▶ [Required work]:
Only the pictures are to be left out; write out the rest of the data exactly.

▶ [Collected material]:
::::
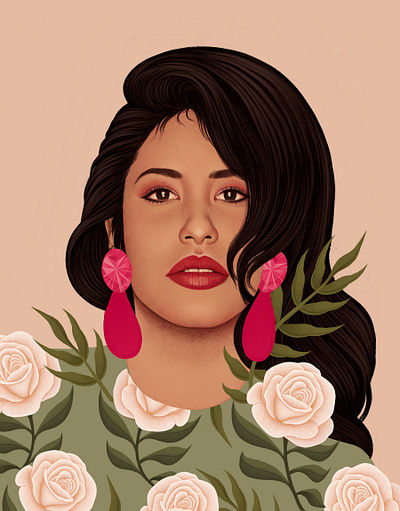 Selena digital floral folioart illustration mercedes debellard portrait realist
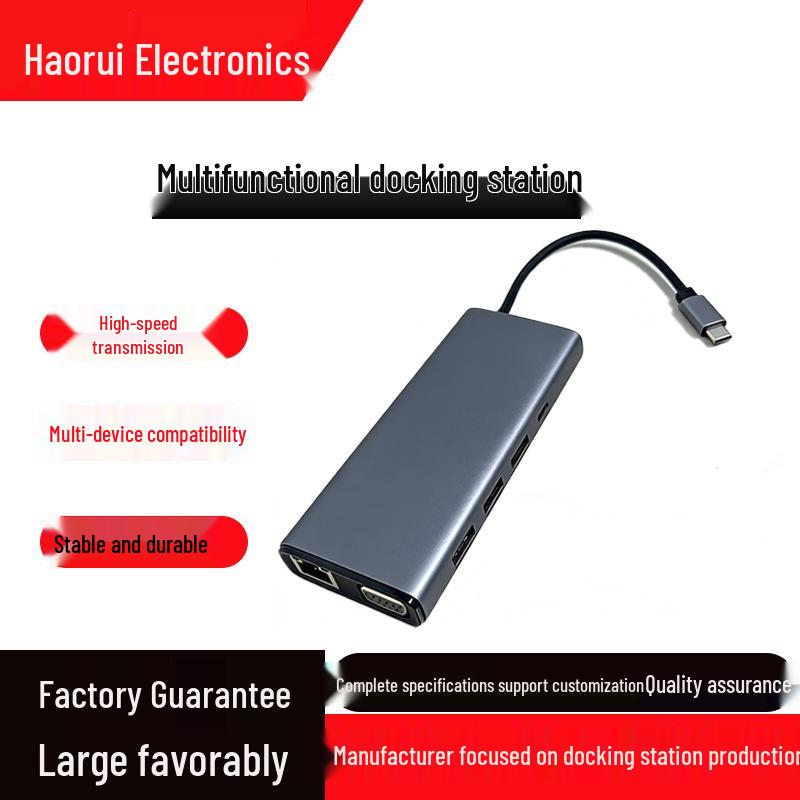 USB-C Docking Station: Multi-Device Connectivity with Network, HDMI, USB, and Card Reader Support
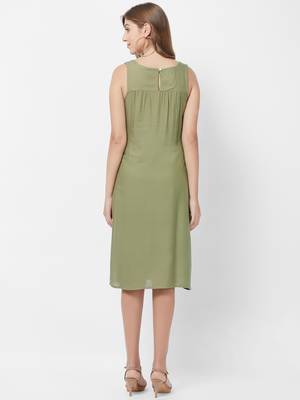 Green woven viscose dresses 2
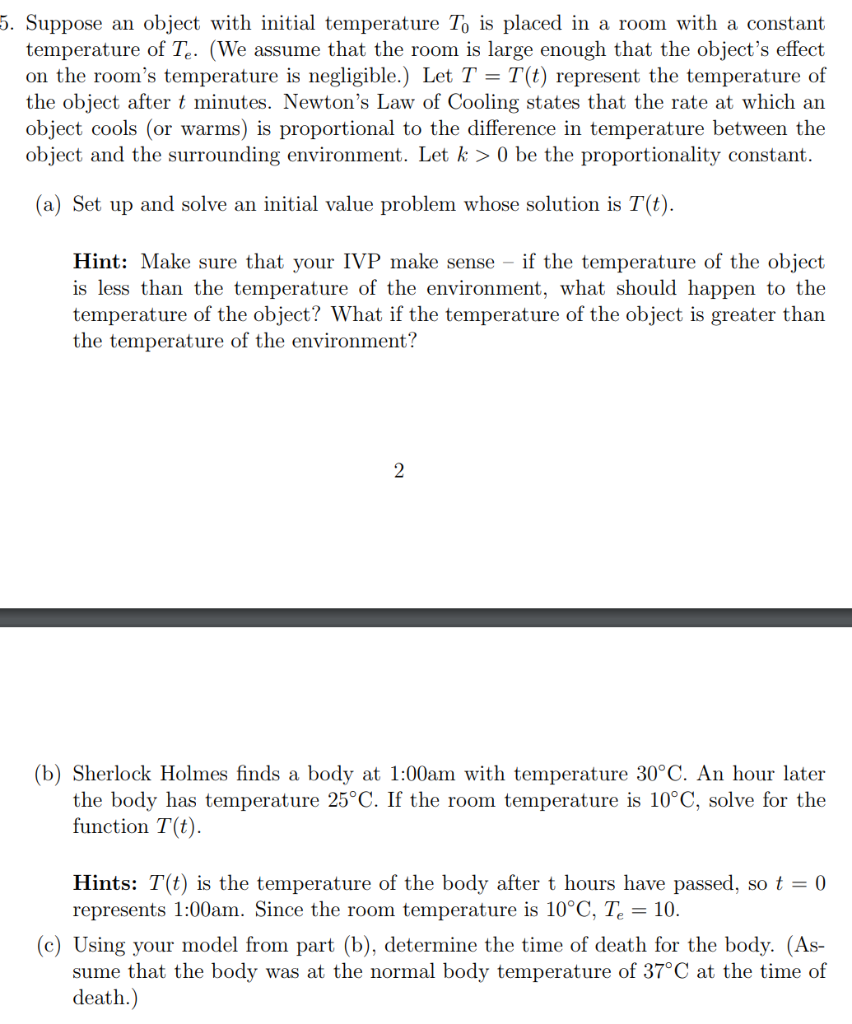 Solved 5 Suppose An Object With Initial Temperature T I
::::
▶ [Result of this task]:
 Selena digital floral folioart illustration mercedes debellard portrait realist
 USB-C Docking Station: Multi-Device Connectivity with Network, HDMI, USB, and Card Reader Support
 Green woven viscose dresses 2
 Solved 5 Suppose An Object With Initial Temperature T I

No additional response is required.